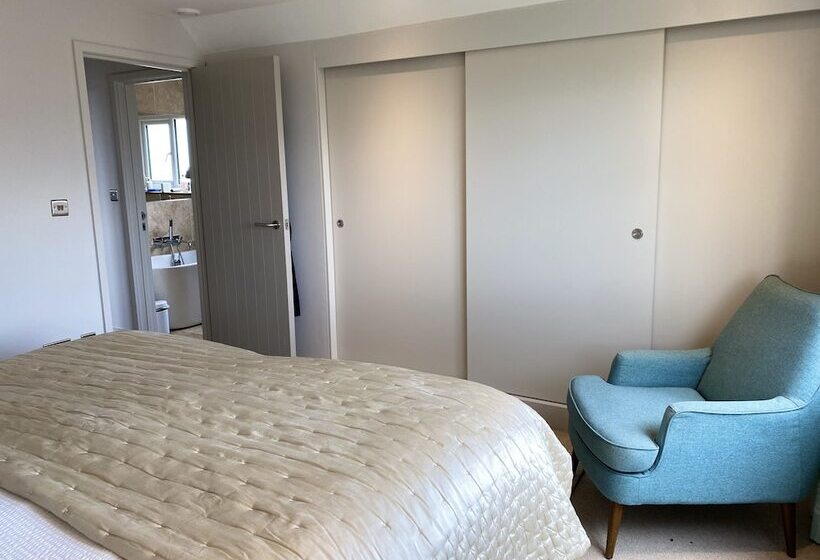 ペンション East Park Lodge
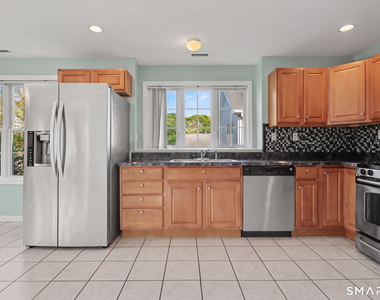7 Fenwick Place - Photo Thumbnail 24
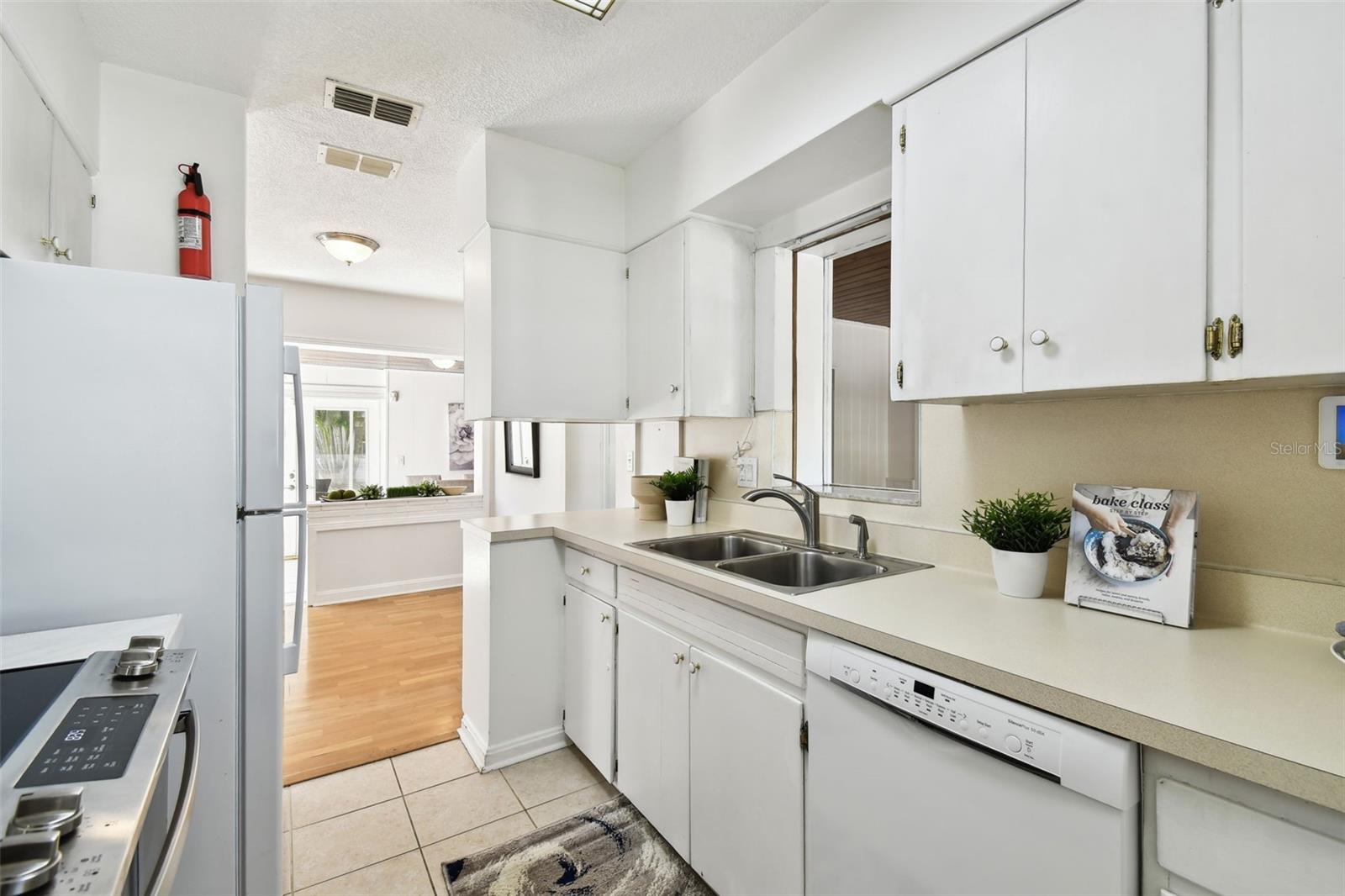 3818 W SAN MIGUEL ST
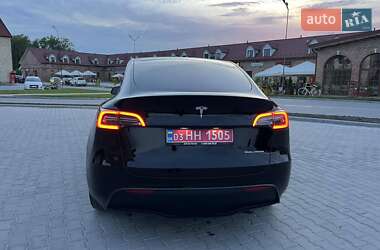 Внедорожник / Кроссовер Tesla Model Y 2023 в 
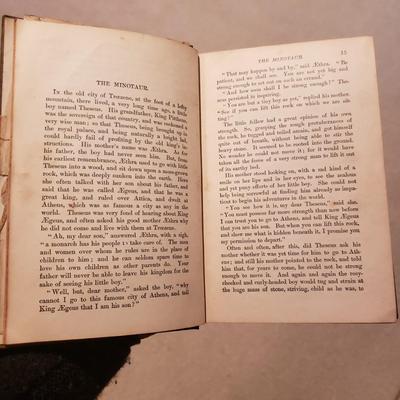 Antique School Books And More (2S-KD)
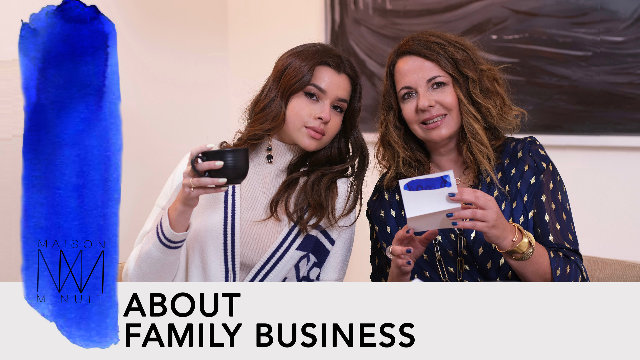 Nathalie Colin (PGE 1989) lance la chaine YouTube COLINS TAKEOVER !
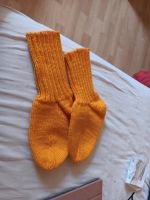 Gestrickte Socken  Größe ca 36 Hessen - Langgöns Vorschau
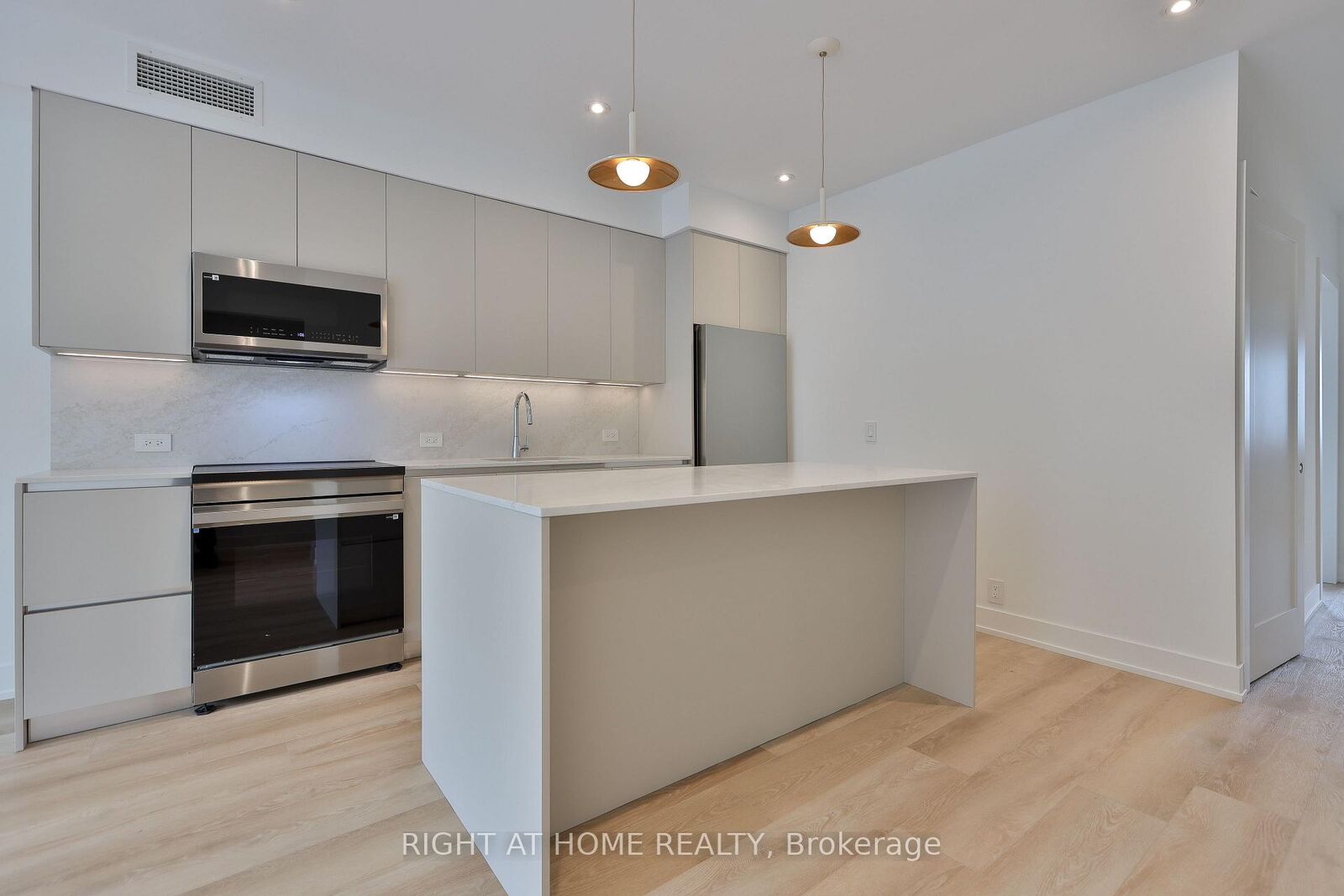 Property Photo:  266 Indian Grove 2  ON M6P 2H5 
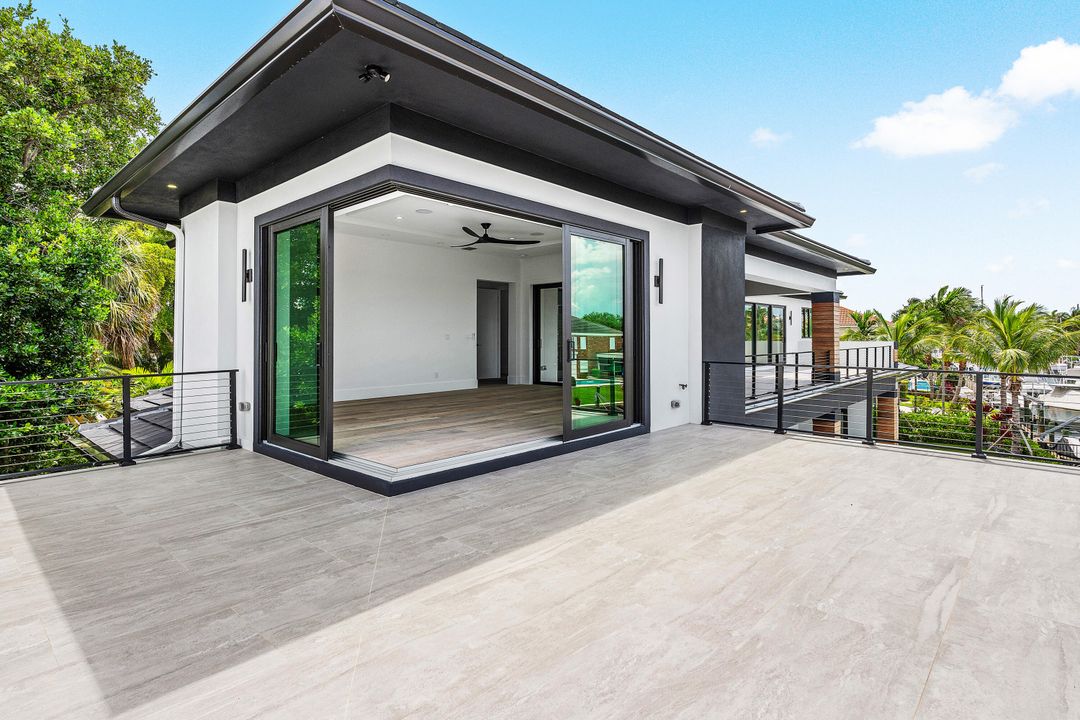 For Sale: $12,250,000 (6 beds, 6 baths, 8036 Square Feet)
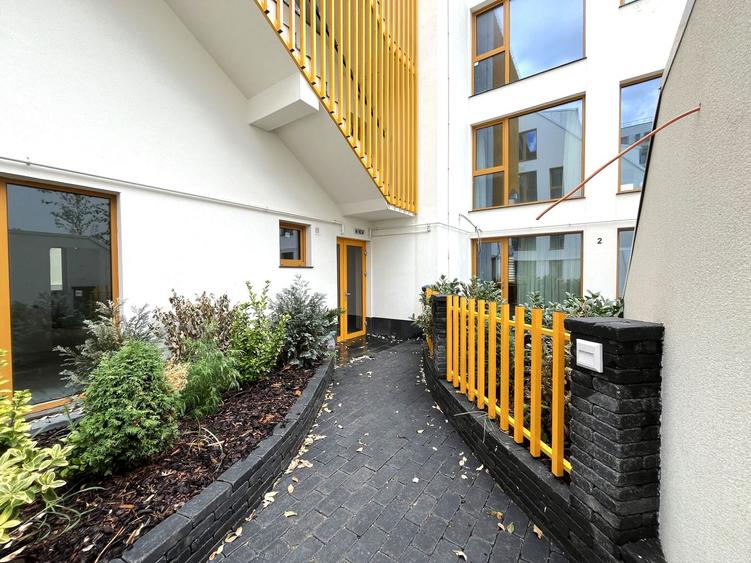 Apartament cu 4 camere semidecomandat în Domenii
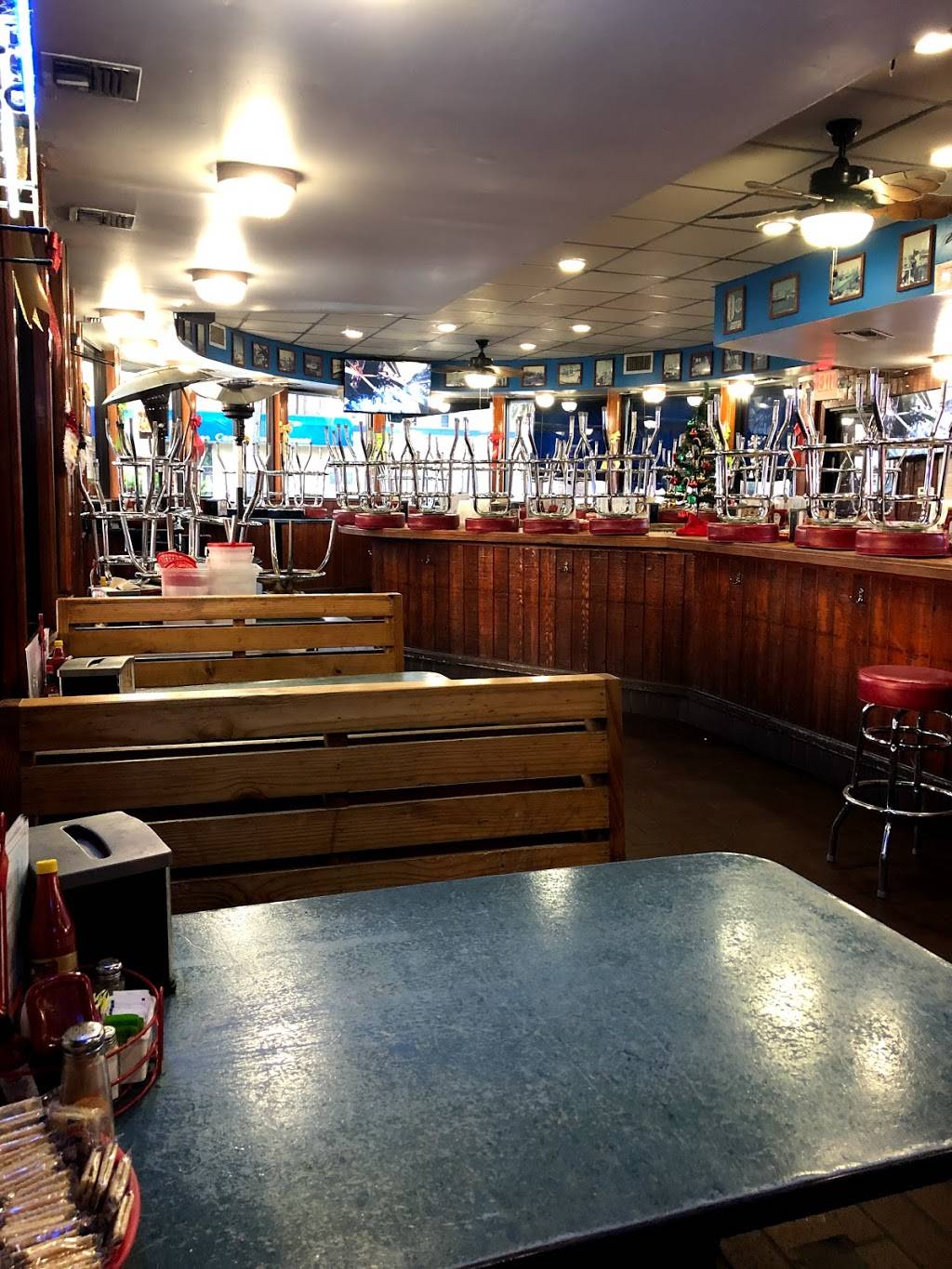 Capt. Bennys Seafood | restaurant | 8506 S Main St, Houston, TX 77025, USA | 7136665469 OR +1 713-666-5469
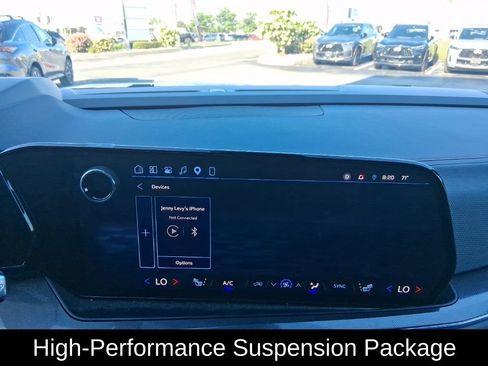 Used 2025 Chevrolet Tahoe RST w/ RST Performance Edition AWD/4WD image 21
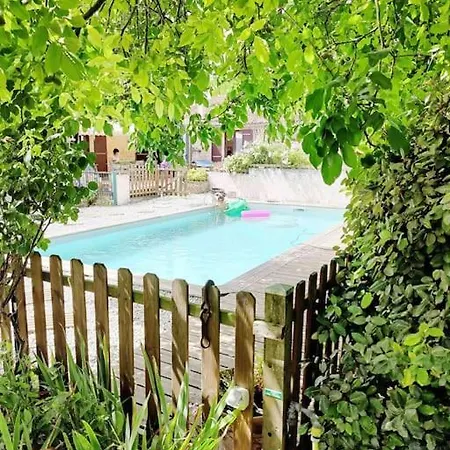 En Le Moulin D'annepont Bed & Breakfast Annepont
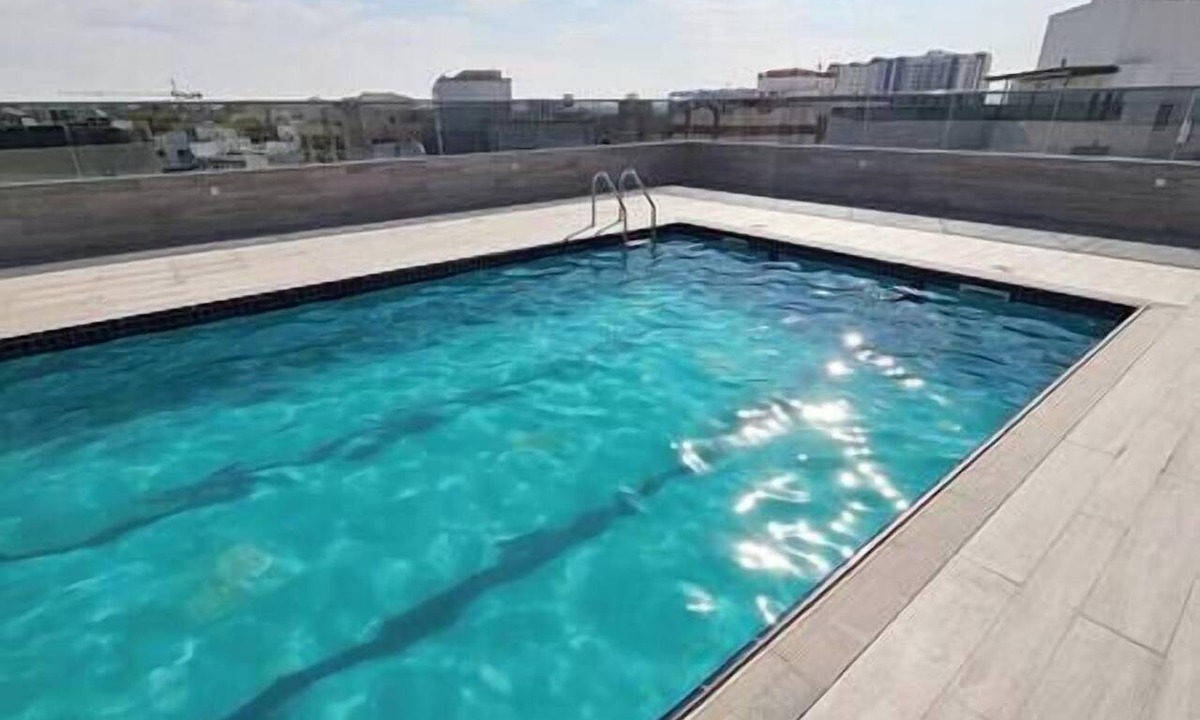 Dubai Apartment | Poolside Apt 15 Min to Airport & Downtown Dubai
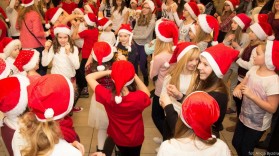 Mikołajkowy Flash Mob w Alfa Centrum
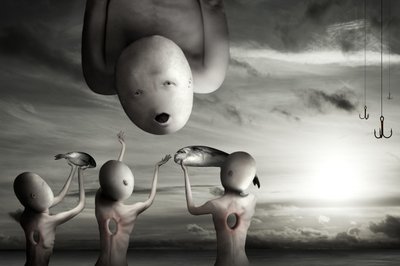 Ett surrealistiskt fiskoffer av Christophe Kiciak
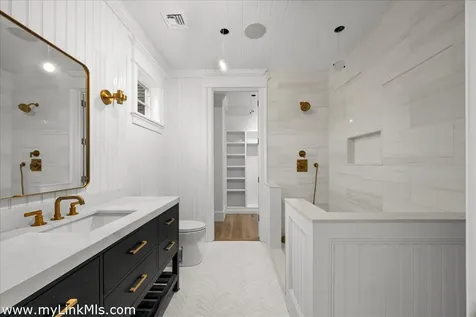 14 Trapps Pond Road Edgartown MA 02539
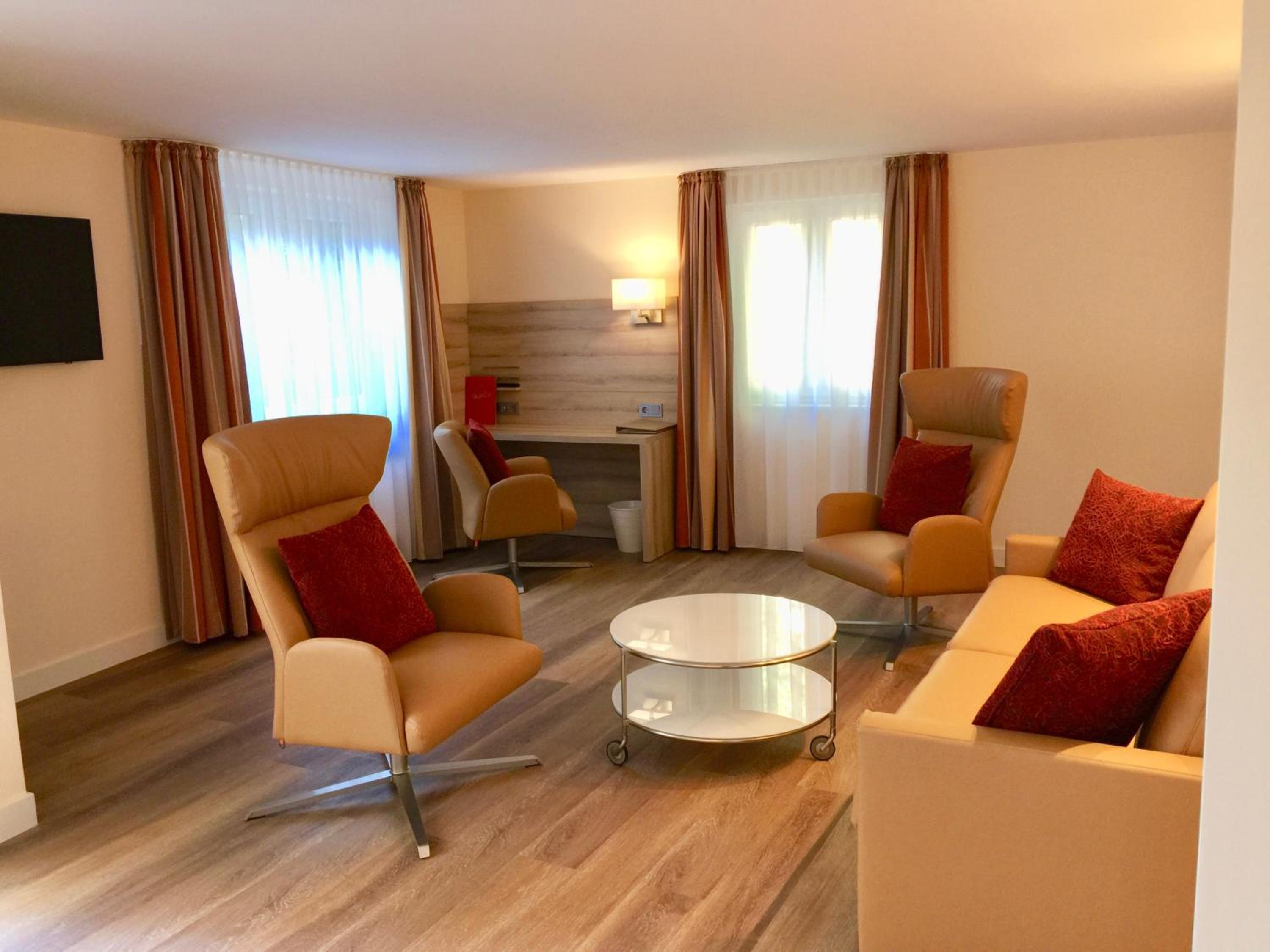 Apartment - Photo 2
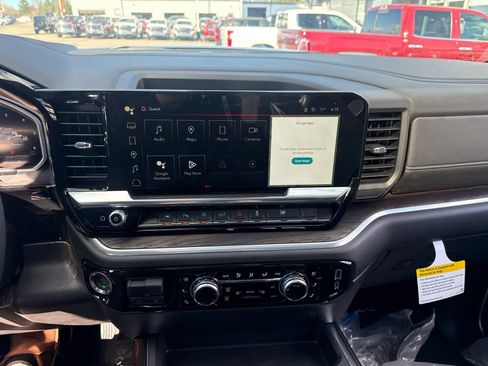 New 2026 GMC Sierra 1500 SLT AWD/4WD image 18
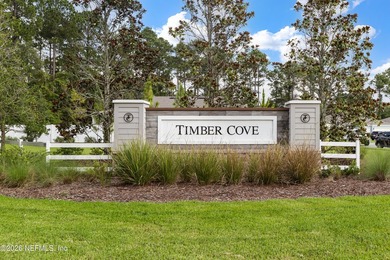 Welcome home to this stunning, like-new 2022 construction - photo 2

------------------------

**DIRECTIONS FOR THIS TASK**
If a picture sits between the line containing "3818 W SAN MIGUEL ST" and the line containing "266 Indian Grove", leave it out, and return the lines of that range above exactly, both ends included.

**EXPECTED OUTPUT**
 3818 W SAN MIGUEL ST
 Внедорожник / Кроссовер Tesla Model Y 2023 в 
 Antique School Books And More (2S-KD)
 Nathalie Colin (PGE 1989) lance la chaine YouTube COLINS TAKEOVER !
 Gestrickte Socken  Größe ca 36 Hessen - Langgöns Vorschau
 Property Photo:  266 Indian Grove 2  ON M6P 2H5 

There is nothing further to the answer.